The planned upgrades to the Nahanni Range Road were first announced in 2017, as part of the Yukon Resource Gateway Project — a $360-million project funded by the federal and Yukon governments.
The new agreement means the Liard First Nation is on board with the first phase of the Nahanni Range Road project, and will see direct benefits. The first phase will see $17-million worth of work done on the road, including the replacement of a couple of bridges.
"The road goes through the heart of Kaska territory. A lot of our citizens exercise their traditional resource harvesting rights there," said George Morgan, chief of the Liard First Nation.
"Just from an engagement perspective, from a process perspective, I think this was a bit of a benchmark for the Yukon government," he said, referring to the agreement.
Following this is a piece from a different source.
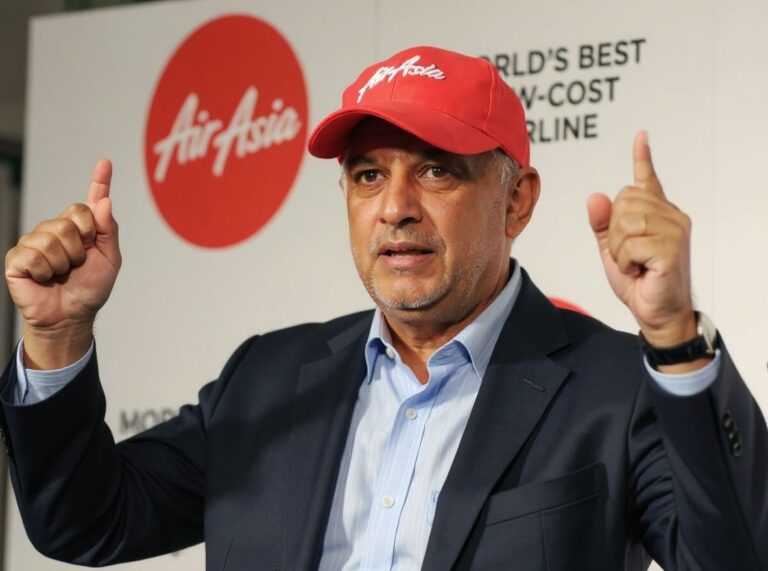 What international students can learn from entrepreneur Tony Fernandes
The deal means First Nation members will be trained and hired to do things like vegetation clearing, wildlife monitoring, and other work. A joint committee will also be established to look for ways to minimize the negative impacts of the project.
"We pushed hard to have a committee set up that will be funded," Morgan said.
"We'll look at the impacts beginning in phase one, and all the way through ... we need to make sure that the environmental and the and the socioeconomic impacts are considered."
Ranj Pillai, Yukon's mines minister, says the project will benefit all Yukoners by improving access to "world-class" mineral deposits.
"From what's been explored, there's been some very significant deposits that have been found — from gold, to zinc, and so on," Pillai said.
The existing road connects the Robert Campbell Highway, north of Watson Lake, to the Yukon/N.W.T. border. Two mining companies currently use the road for projects in the area — Golden Predator Mining, and Selwyn Chihong.
Pillai says it's important that First Nations are consulted and included from the beginning of the upgrade work.
"There is a lot of things that have to be figured out before you start building a very significant road. So that's the work that had to be done," he said.
"In this particular case, we feel we're building a foundation that gets us the proper pathway, where everybody is respected ... It's a big balancing act for all of us, for the leadership at [Liard First Nation], as well as our government."
Work could begin in a few months.
"We are hoping that maybe we can get going on some work next summer, and put some people to work," said Morgan.